I have following peace of HTML:
<td>
<p><span><a href="http://www.someurl.com"><b>
<span>W Bangkok</span></b></a> <br>
106 North Sathorn Road ,Silom, Bangrak<br>
Bangkok, 10500 Thailand<br>
Phone: (66)(2) 344 4000 Fax: (66)(2) 344 4111<o:p></o:p></span></p>
</td>
I want to strip of any space, newline, all the invisible characters, basically all but letters and replace them with single space. But I also want to strip of
  <br /> and <br>
Regex and function I wrote is this:
function clean_data($str)
{
return trim(preg_replace('/(\p{Zs}|\s|\R|\p{Zl}|\p{Z}|\p{Zp})++/u', ' ', $str));
}
However in the above example looks like HTML breaklines give me trouble.
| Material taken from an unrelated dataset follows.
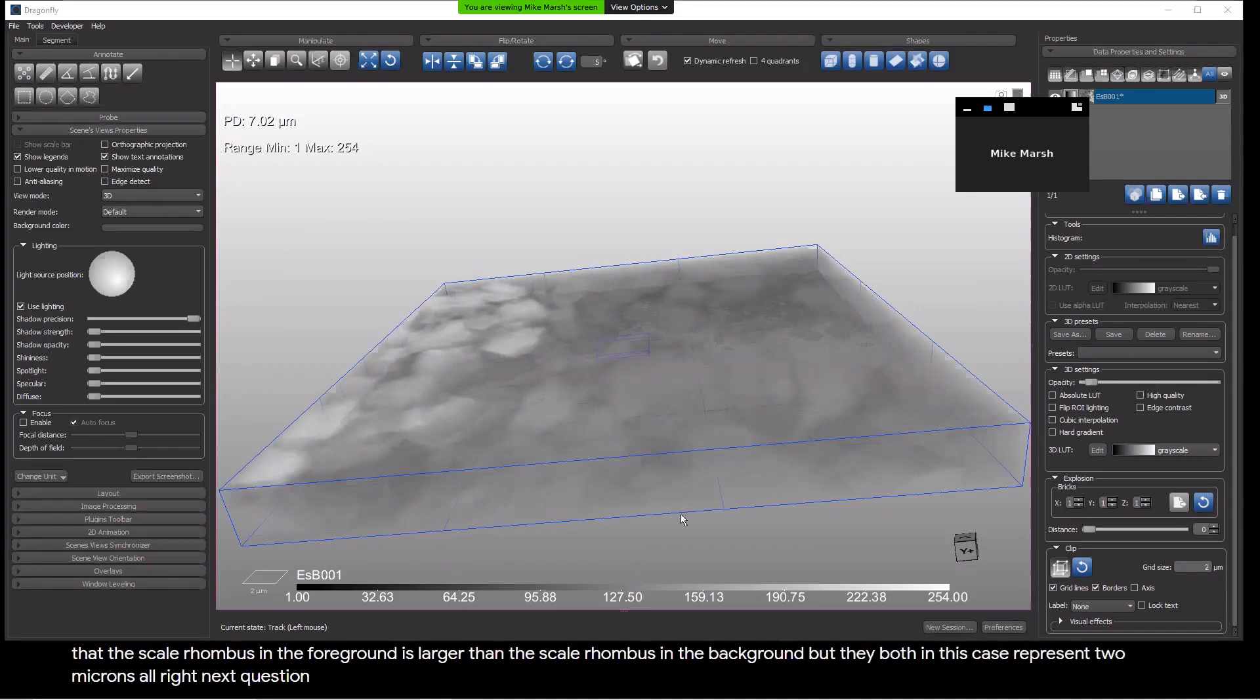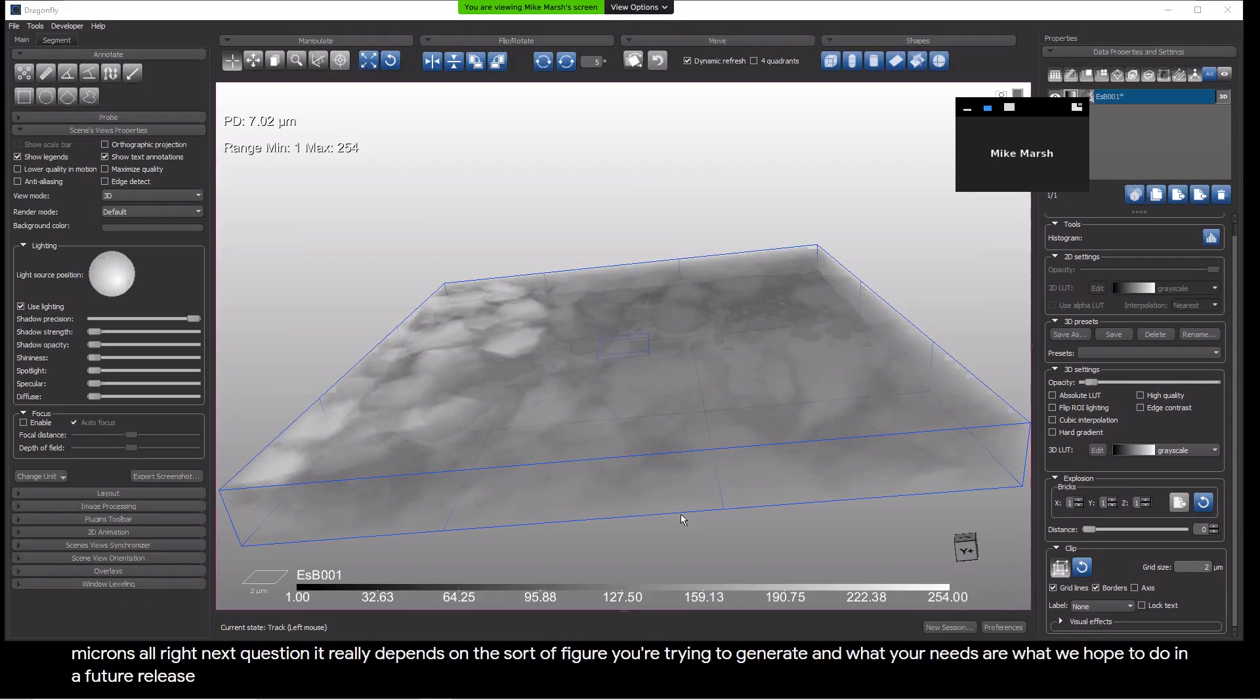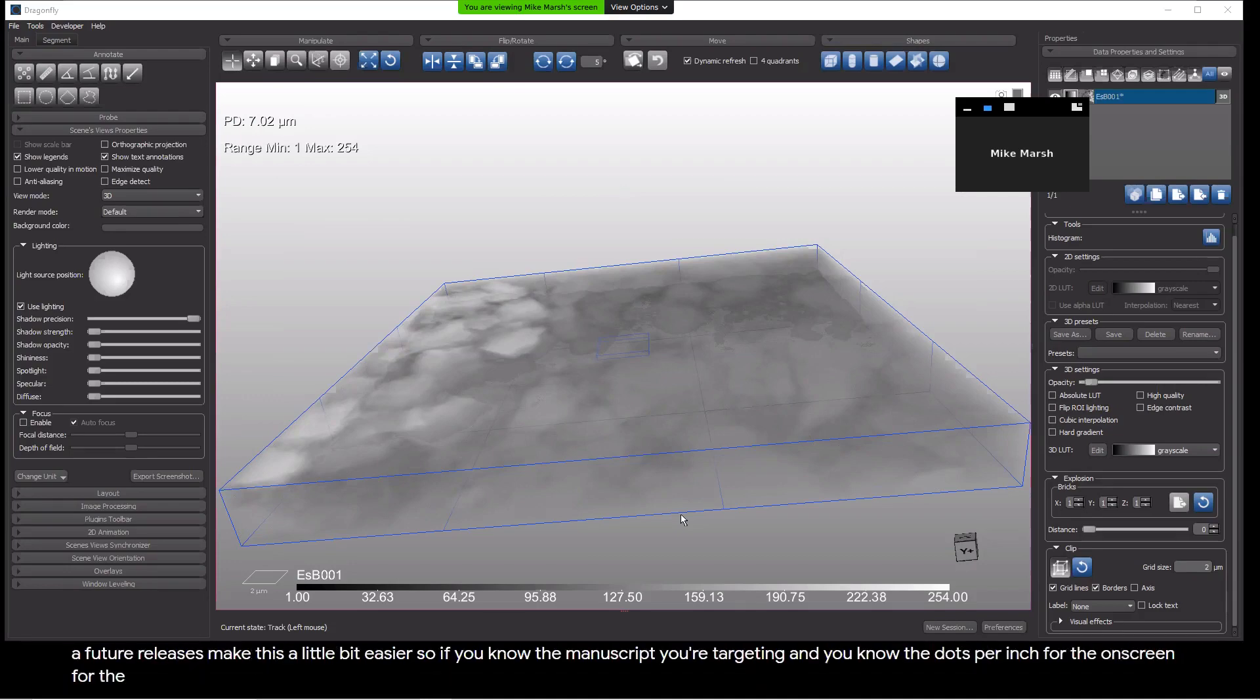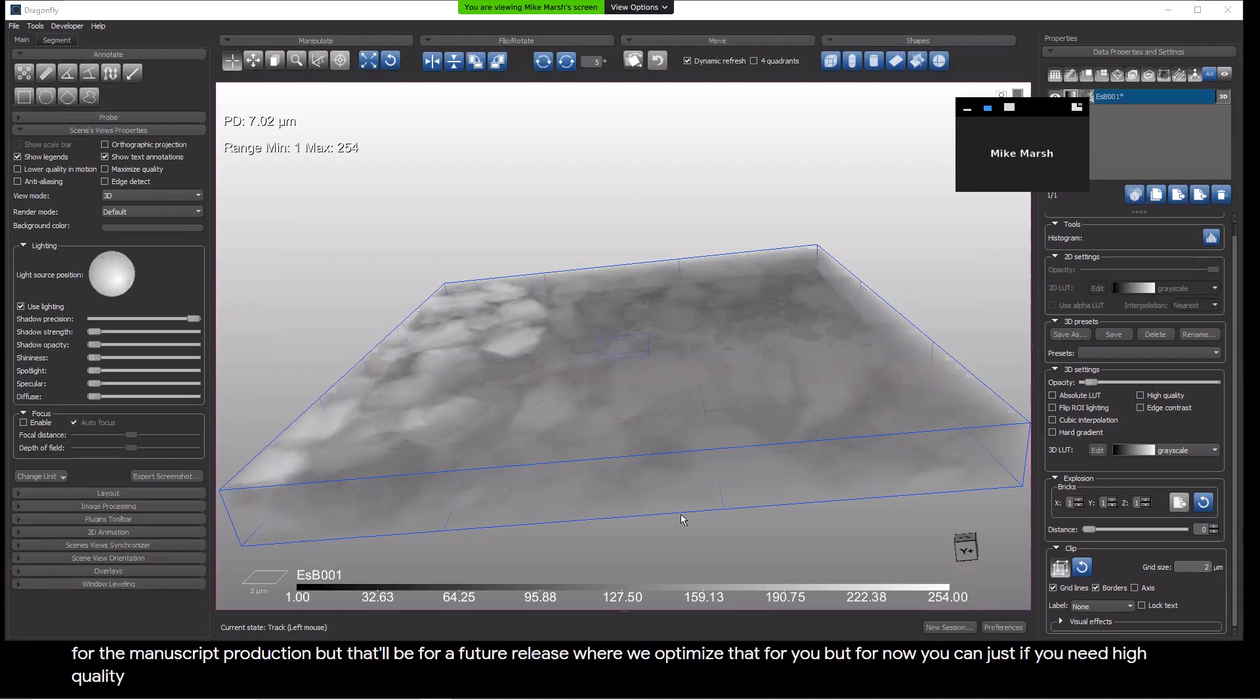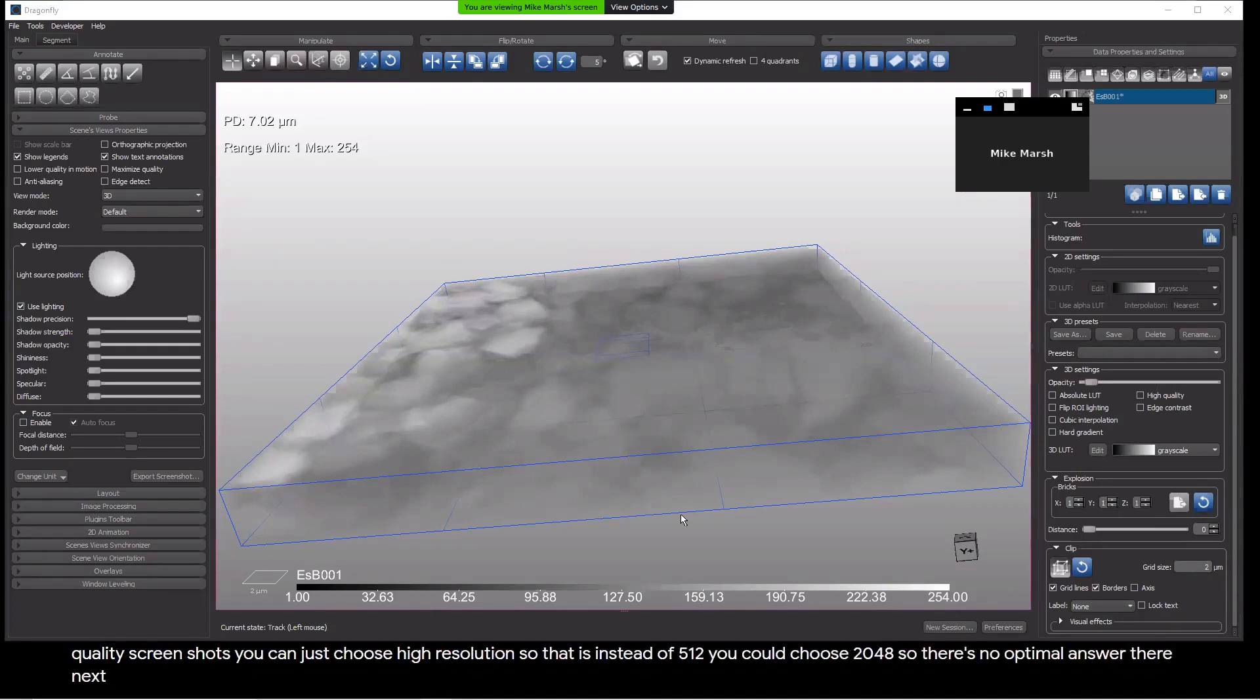Next question. What is the best choice of screenshot resolution? Well, that really depends on the sort of figure you're trying to generate and what your needs are. What we hope to do in a future release is make this a little bit easier. But for now, you can just, if you need high quality screenshots, you can just choose high resolution. So that is instead of 512, you could choose 2048. So there's no optimal answer there.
What I get as output is this:
W Bangkok ‎106 North Sathorn Road ,Silom, Bangrak‎‎ Bangkok, 10500 Thailand‎ Phone: (66)(2) 344 4000 Fax: (66)(2) 344 4111
How can I write better regural expression to match all those
<br /> and <br>
and everything else which might be a space or newline?
File is saved as UTF-8, when I save it as ASCII I get ? instead of ‎